はじめに

 私は、2011年3月11日の東日本大震災後、10月に緊急スクールカウンセラー(以下、SC)派遣事業に応募したことをきっかけに、SCとして相双地域の県立高校(4カ月間)と小学校(5年間)に行きました。その後、県中地域の県立高校に異動して三年目になります。被災地外から中長期の支援に入るという視点から、これまでのSC活動をふりかえってみたいと思います。

活動中に心に留めていたこと

 震災半年後から中期にかけては、教職員の方々などの大人の疲弊も目立ちました。大人は子どもの支援者でいることを求められ、デリケートな立場や関係もあります。被災地外から来たSCとして先生方や保護者から被災状況を聴く時は、その方もひとりの被災者であることを忘れないようにしていました。
 震災後、時間が経過するにつれ、震災・原発事故被害があまり語られなくなり、その影響が見過ごされがちになっています。
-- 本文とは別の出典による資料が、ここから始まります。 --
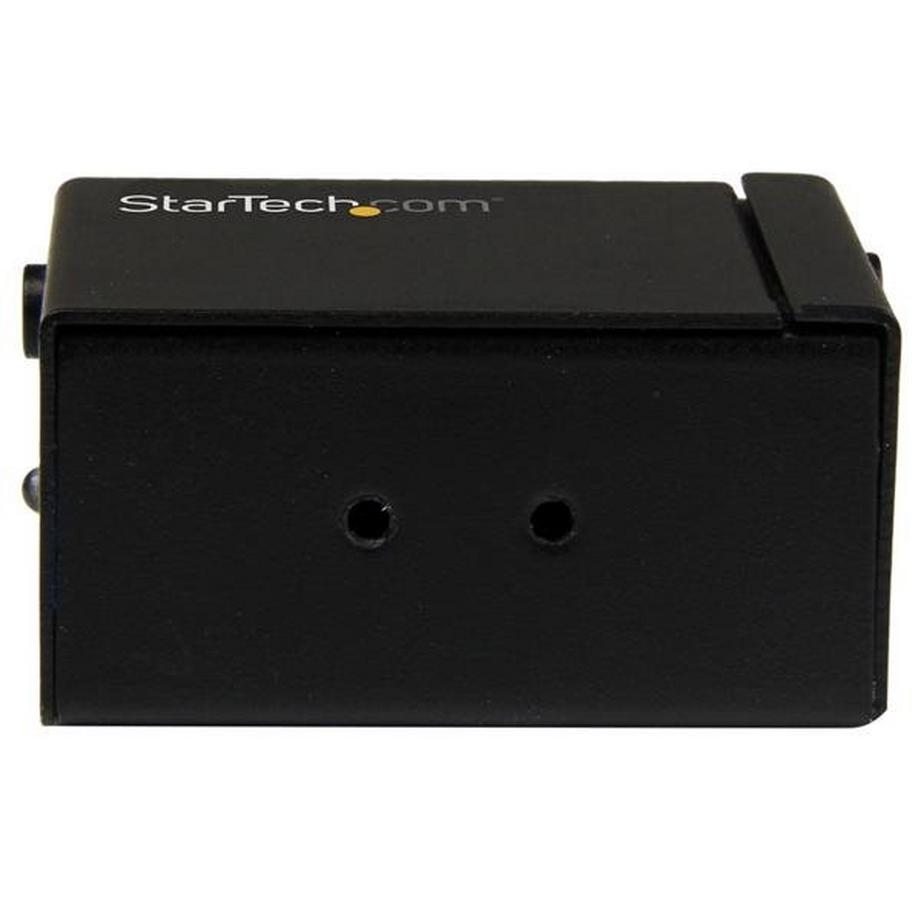 STARTECH  HDBOOST 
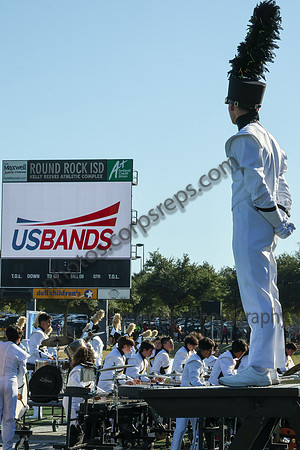 WmJBrennan_251108_CentralTXChamps-LT1741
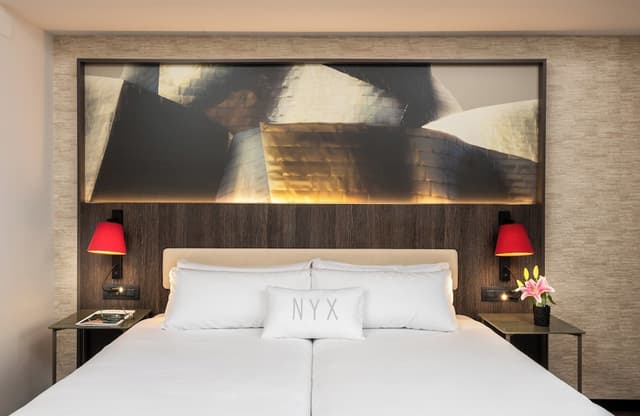 Double Room (Down To Earth) · photo 6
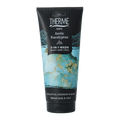 Therme Arctic eucalyptus 3-in-1 wash 200 Milliliter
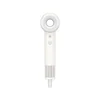 OZON MTF16W Air Lite Fen za kosu, Bež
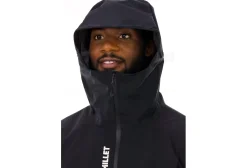 Millet Seneca Gore-Tex 3L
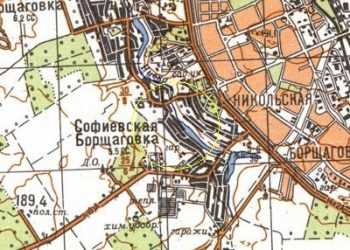 Бізнесмен підірвав Porsсhe зі своєю дружиною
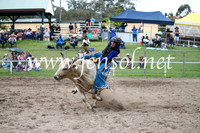 MoruyaRodeo2017_0812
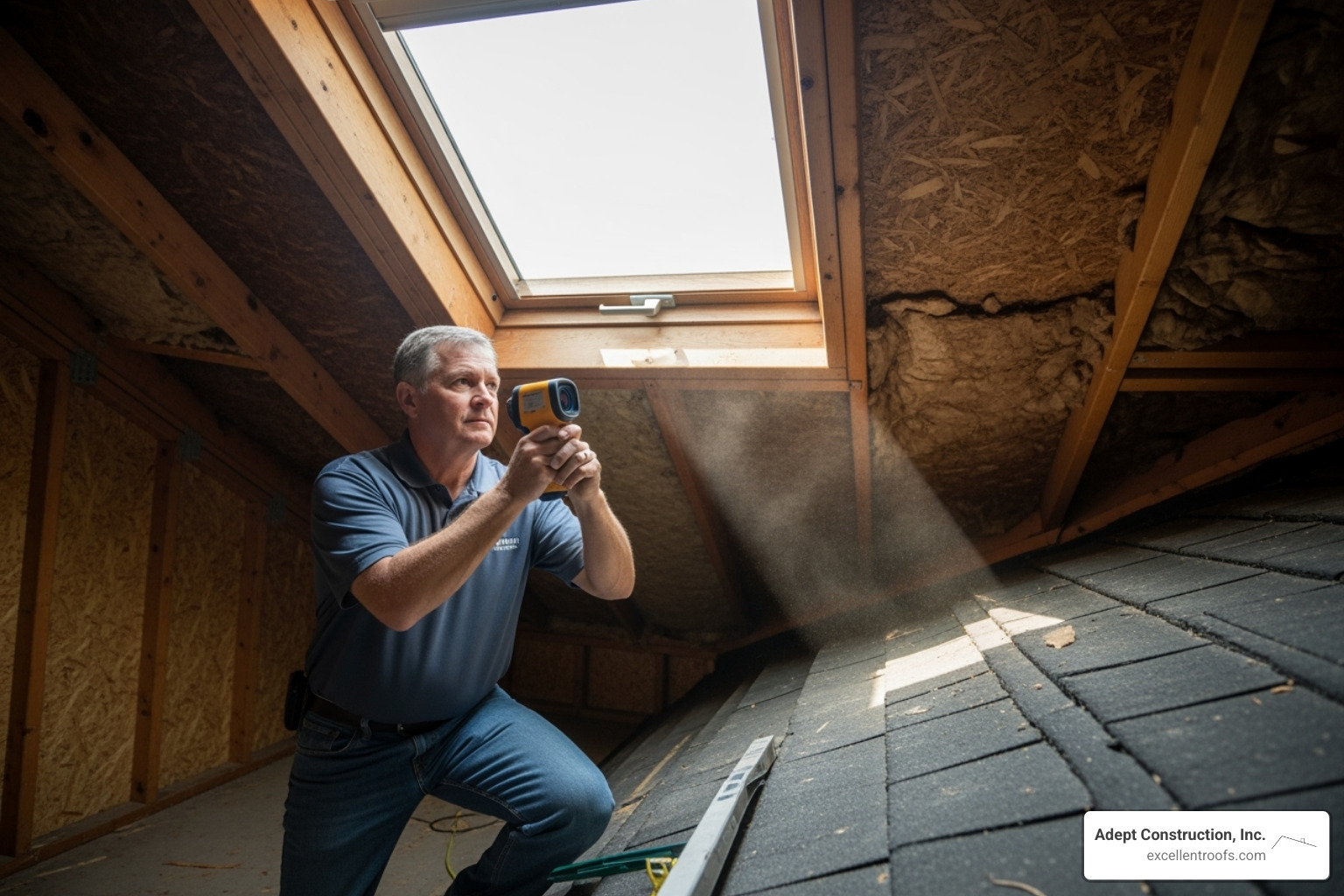 Detailed roof inspection report document with photos and notes - roof inspection naperville il Detailed roof inspection report document with photos and notes - roof inspection naperville il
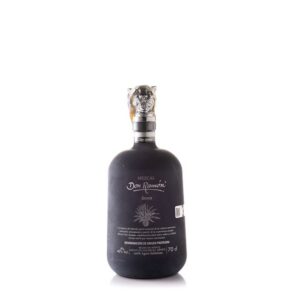 Don Ramón Joven Salmiana Mezcal 40% 700ml
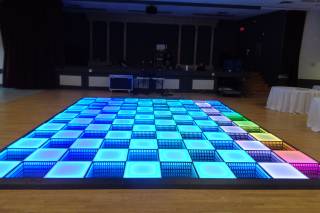 Crazy Darrell's Entertainment - 13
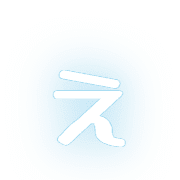 050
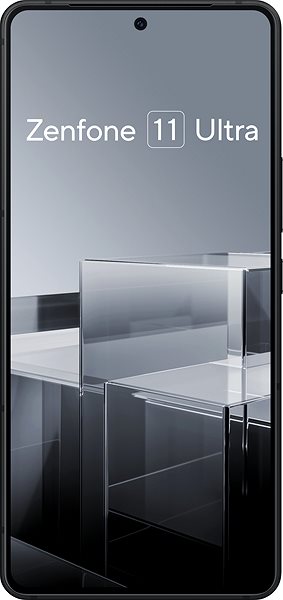 Mobile Phone ASUS Zenfone 11 Ultra 16GB/512 GB black ...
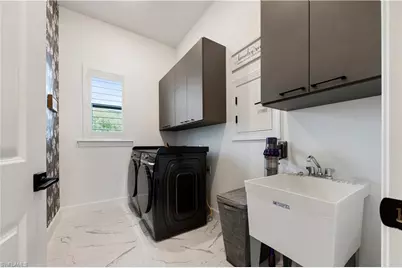 20422 Pebble Glen Dr, Estero, FL 33928 - Photo 28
児童・生徒さんを理解する時に、「震災の時に何歳だったのか?」「何か被害体験はあるだろうか?」ということは念頭において話を聴いています。たとえば、原発事故からの避難生活で小中学校の転校を繰り返してきたことが、同世代との関係性に影響を与えているのではないかと思われる生徒さんや、非常に不安定な気持ちの背景に、震災後の大きな家庭環境の変化があったりします。
 同時に、支援の「終結」を考えない訳にはいきません。先生方へのコンサルテーション、面接のフィードバック、生徒理解や対応に関する先生向けのお便り等を通じて、校内の教育相談体制作りを支援することを大事にしています。黒子に徹する姿勢を、都内でSCとして活動する時よりも一層意識しています。

中長期支援を支えてくれるもの

 東京から福島に毎週のように通勤するのは、相双地域への勤務の時には前泊もありましたので、時間的、体力的、精神的、経済的に負担がないとはいえません。国と福島県による予算的裏付けがあり、報酬と旅費交通費が支給されていることは非常に支えになっています。中長期にわたって支援を継続するためには必要かつ大切なことだと思います。

今後の課題

 心理職として支援のための知識やスキルの向上に努めたり、心理職の職能団体として組織的な体制づくりは本格的に進められています。さらに今後は、私もできているわけではありませんが、臨床現場の知見を国や行政の施策につなげていく努力や工夫が必要だと考えています。とくに原発事故・放射線被害は社会的・政治的な課題であり、長期的にどのような影響があるかも明らかではありません。
 震災後9年が経過し、メディアでも「復興」ばかりが注目されがちです。そこには力を取り戻しつつある被災地の人々の姿を見て、私たちが安心したいという気持ちが働いているかもしれません。しかし県内行方不明者196人(2019年3月8日時点 警視庁)とその家族がおられることを忘れてはなりません。心理職として、今も色々な問題を抱えて苦悩している人々の声を社会に届けたり、施策につながる活動ができればと思っています。